RECORDS TO PROCESS:
-- Opening Marker --

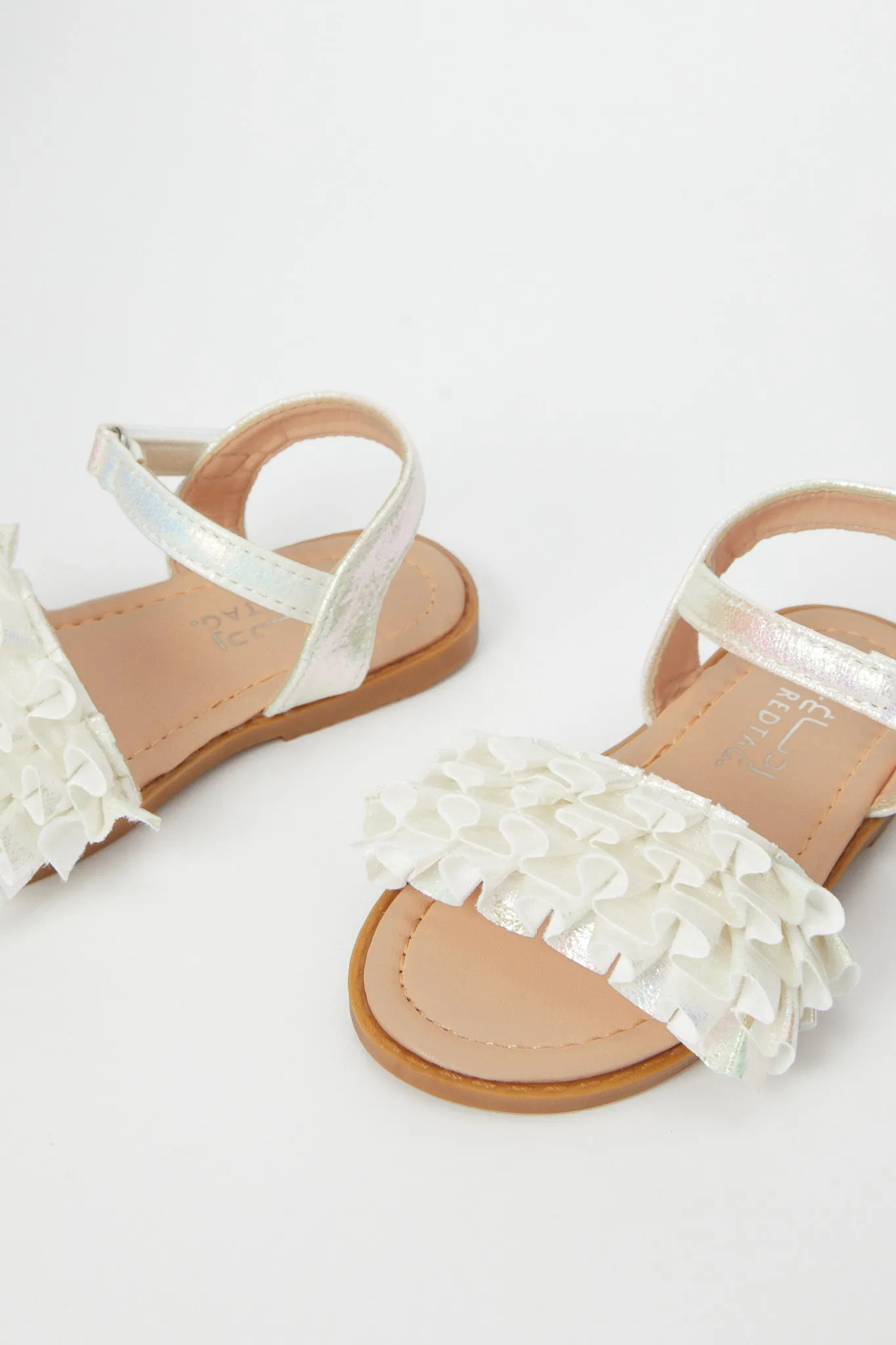 Girls White Ruffled Sandal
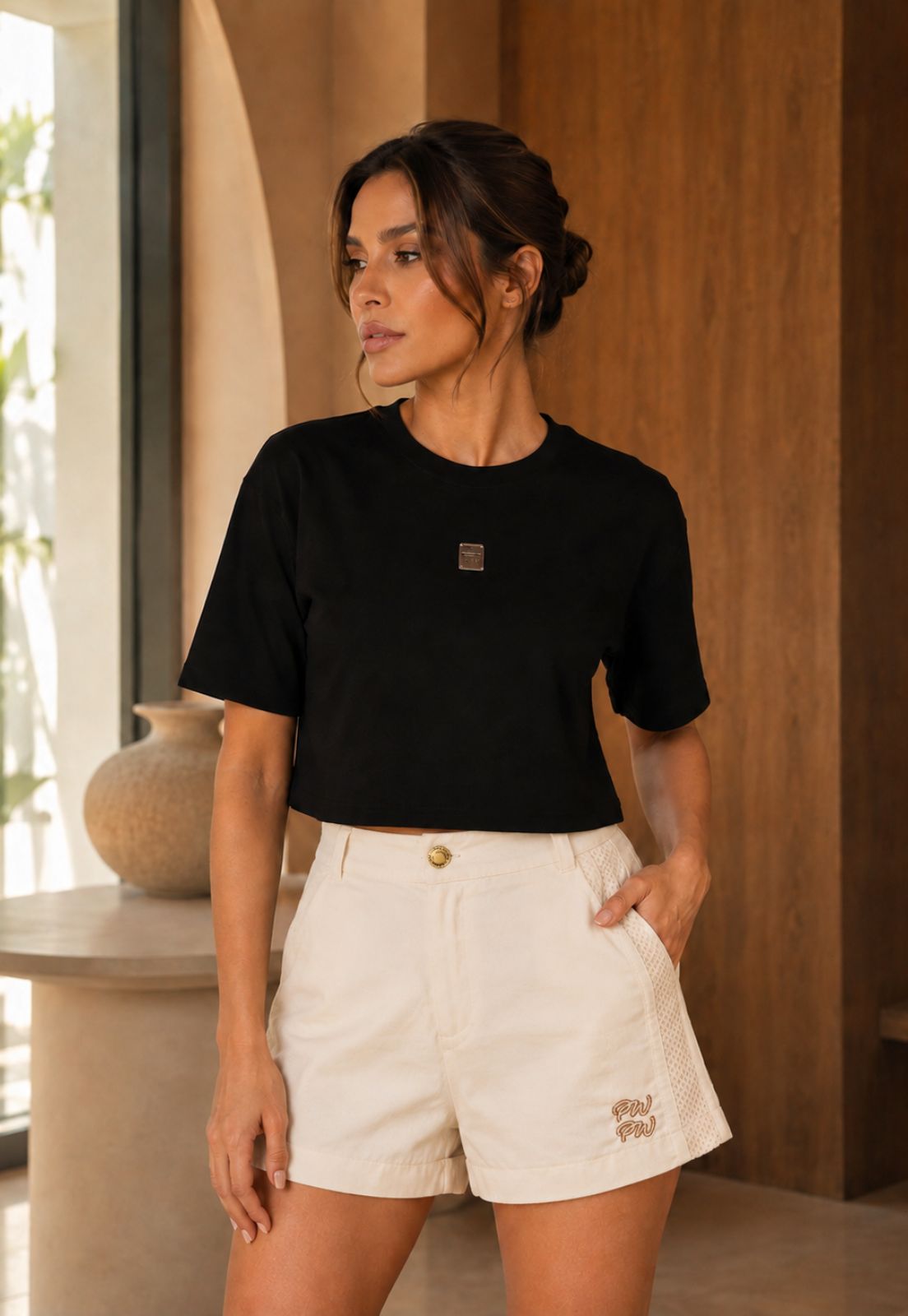 SHORTS  BORD INDUSTRIAL C/ REC EM TRICO FEMININO NATURAL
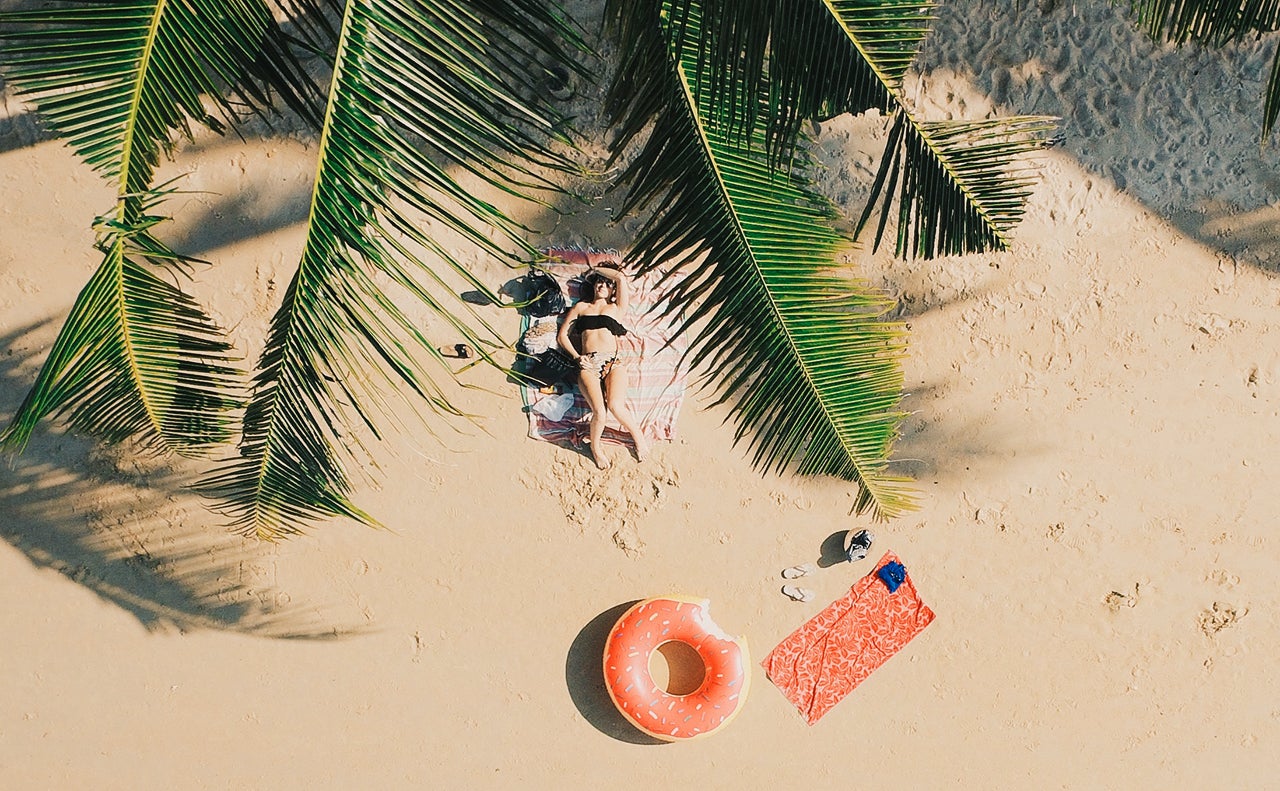 sunbathing hawaii beach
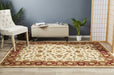 Soma Ivory & Red Classic Floral Motif Vintage Rug, Rugs, Ozark Home 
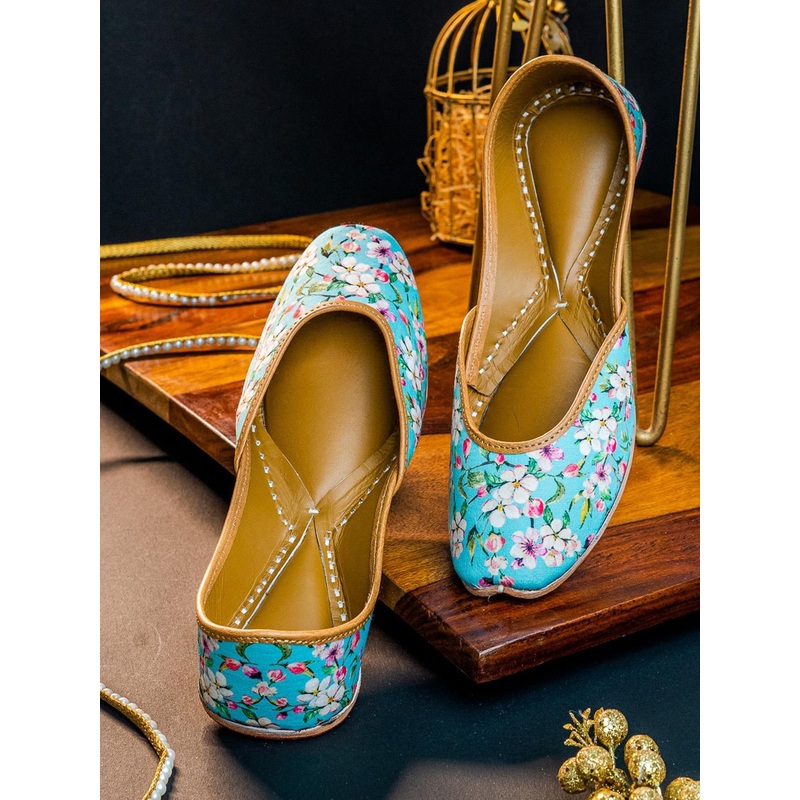 Anouk Blue Floral Printed Ethnic Fabric Mojaris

-- Closing Marker --

YOUR GOAL:
Print the data exactly as written, dropping any images it holds.

EXERCISE OUTPUT:
 Girls White Ruffled Sandal
 SHORTS  BORD INDUSTRIAL C/ REC EM TRICO FEMININO NATURAL
 sunbathing hawaii beach
 Soma Ivory & Red Classic Floral Motif Vintage Rug, Rugs, Ozark Home 
 Anouk Blue Floral Printed Ethnic Fabric Mojaris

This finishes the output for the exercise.